Herkes bir empati yapsın. Bir gün bulunduğu derneğe silah konuyor, hiç işlemediği suç sebebiyle alınıp götürülüyor. Onu bir düşünsün. O zaman bu ülkede hukuk güvenliği kalır mı? Farklı bir sonuç çıkarsa ona da saygı gösteririz ama yargı bunu takip etmek zorunda. Yapmazsa suç işlemiş olur. Şikayette bulunmuş vatandaşlar ikinci sınıf vatandaş değil. Bu konuda yargıya saygı göstermek gerekir.
Ekrem Dumanlı ‘iki makale-bir haberden sorgulandım’ dedi...
Bildiğimiz kadarıyla onlar bu gruba yönelik operasyonla ilgili mizansenin parçası. Bir yerden ‘bunları şöyle tanıtın’ deniyor, orada bir ayarlama, mizansen var. Bu mizansende fikir hürriyetinin ötesine giden bir durum var. Orada öyle bir şey yoksa o da ortaya çıkar.
Twitter'da Fuat Avni hesabına yönelik bir çalışma var mı?

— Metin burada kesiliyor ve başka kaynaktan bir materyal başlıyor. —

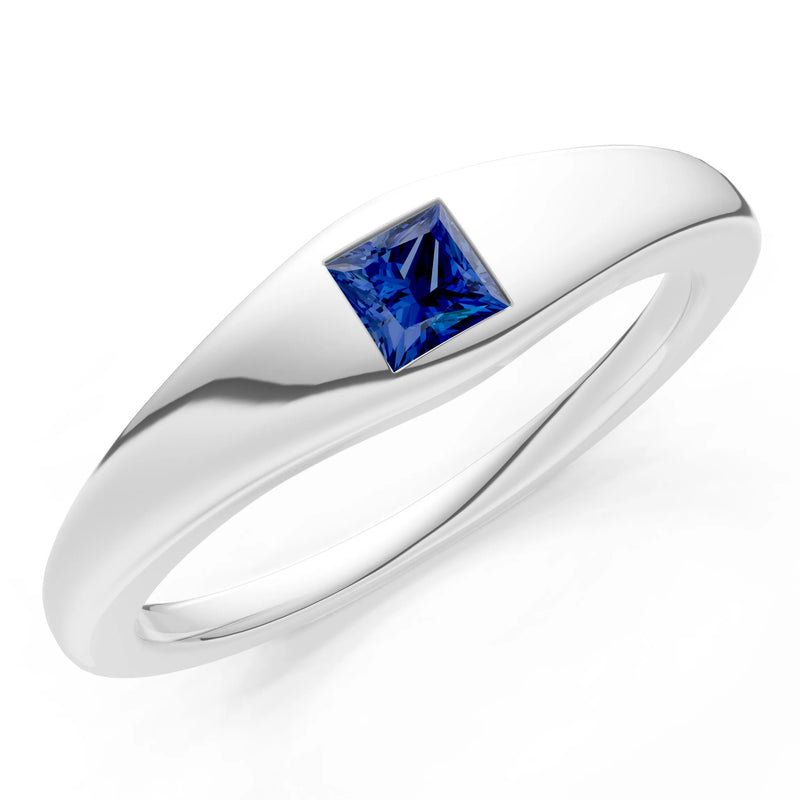 Princess Cut Gemstone Inlaid Mini Signet Ring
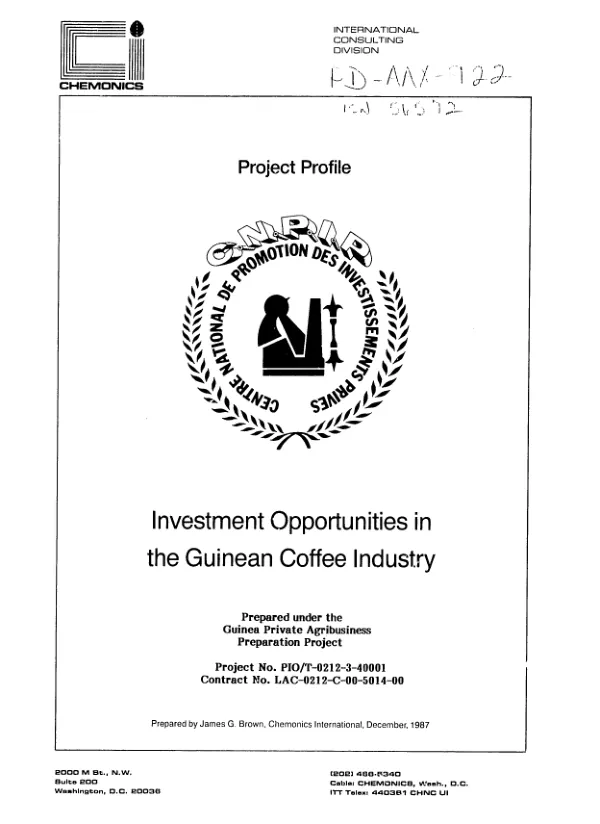 Project profile : investment opportunities in the Guinean coffee industry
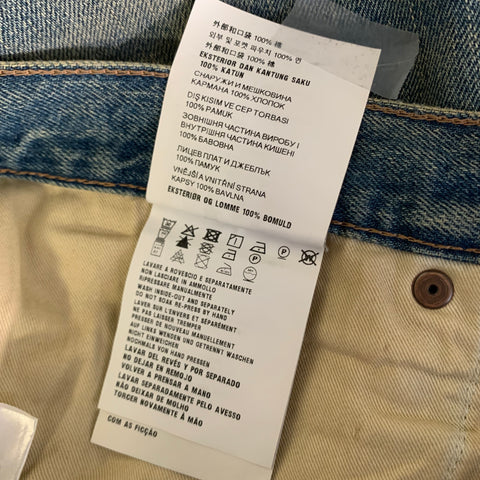 PRADA Size 36 Blue Indigo Distressed Selvedge Denim Button Fly Jeans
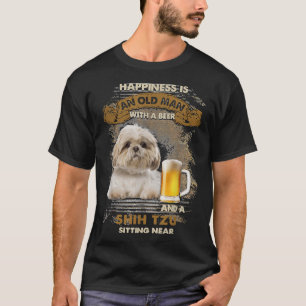 幸福は老人にビールとシーズー（犬） Tシャツ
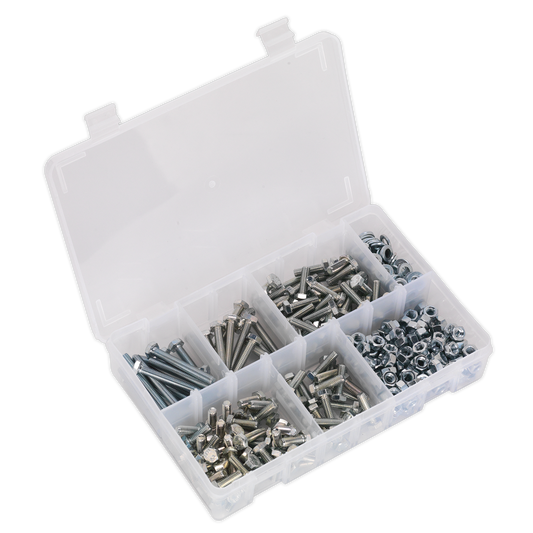 Sealey Set Screw Nut & Washer Assortment 408 Pcs High Tensile M6 Metric AB050SNW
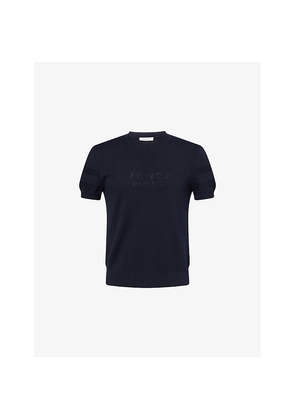 Mens Givenchy Logo-Pattern Short-Sleeve Knitted Jumper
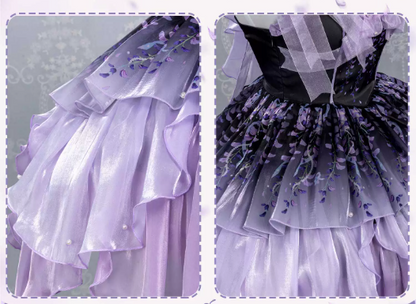 [Pre-order Deadline: June 18] Wisteria Purple Gradient Fairy Lolita Bow Layered JSK Dress + Full Set (Dress + Flower Hat)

Bu ismin arkasında hangi gerçek şahıslar var, araştırılıyor. Muhtemelen bir isim altında tek bir kişi. Ve elde edilen bilgilerle yönlendirmeler anonim bir şekilde yapılıyor. Önemli olan, o kimlik arkasında kimlerin nasıl bir tezgah içinde oldukları.